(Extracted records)
Content starts

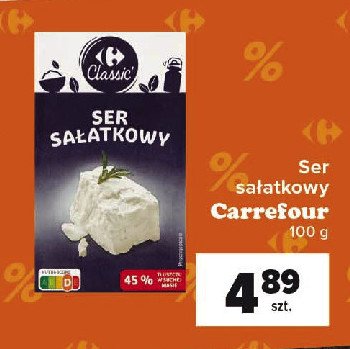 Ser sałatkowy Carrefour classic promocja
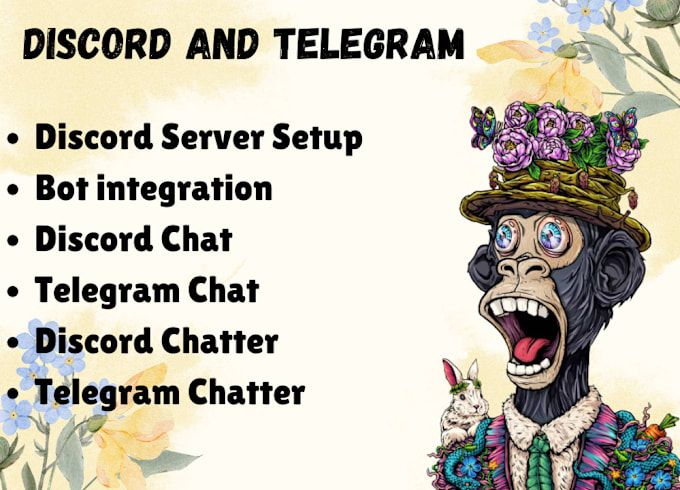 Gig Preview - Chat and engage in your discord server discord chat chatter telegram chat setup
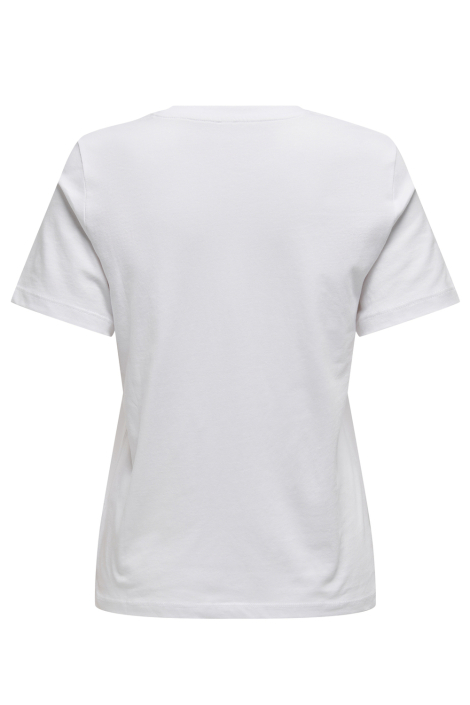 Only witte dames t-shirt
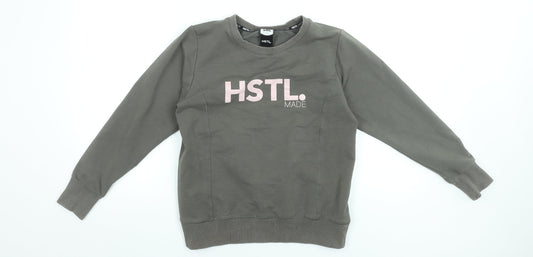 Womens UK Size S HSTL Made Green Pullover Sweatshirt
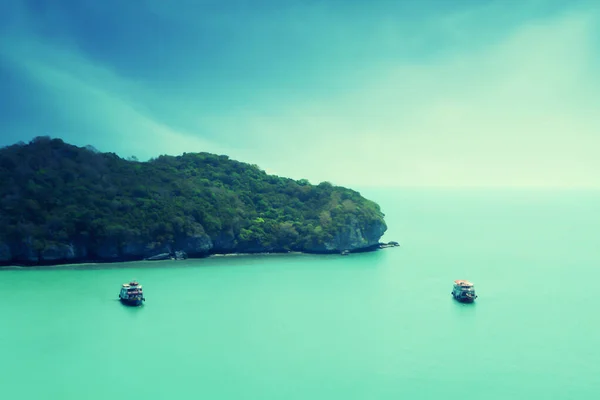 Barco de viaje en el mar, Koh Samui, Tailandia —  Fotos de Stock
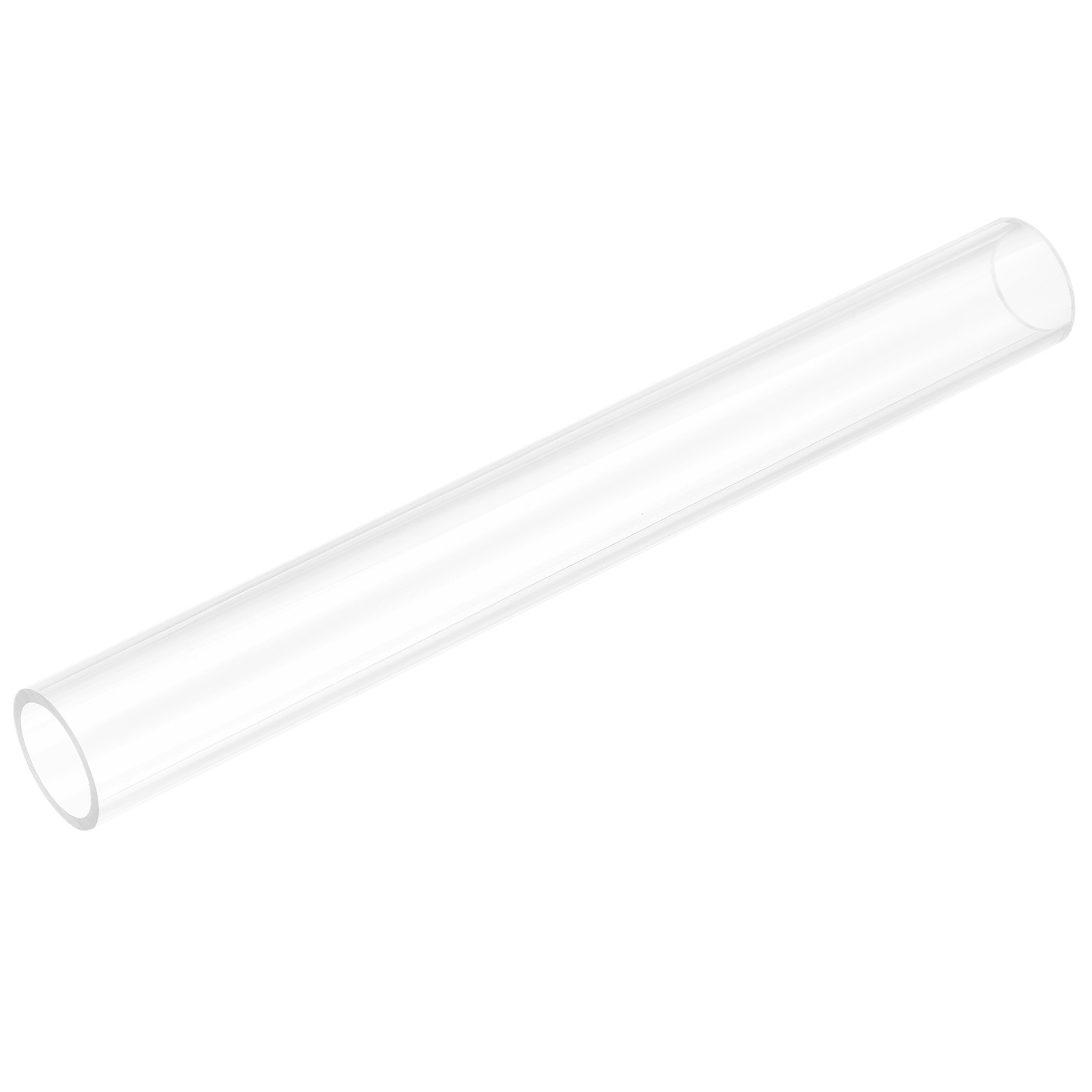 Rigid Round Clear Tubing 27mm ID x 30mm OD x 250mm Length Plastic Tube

Content ends

• **TO DO**:
The entries above should be written out in full, and any picture in them left out.

• **EXERCISE RESPONSE**:
 Ser sałatkowy Carrefour classic promocja
 Gig Preview - Chat and engage in your discord server discord chat chatter telegram chat setup
 Only witte dames t-shirt
 Womens UK Size S HSTL Made Green Pullover Sweatshirt
 Barco de viaje en el mar, Koh Samui, Tailandia —  Fotos de Stock
 Rigid Round Clear Tubing 27mm ID x 30mm OD x 250mm Length Plastic Tube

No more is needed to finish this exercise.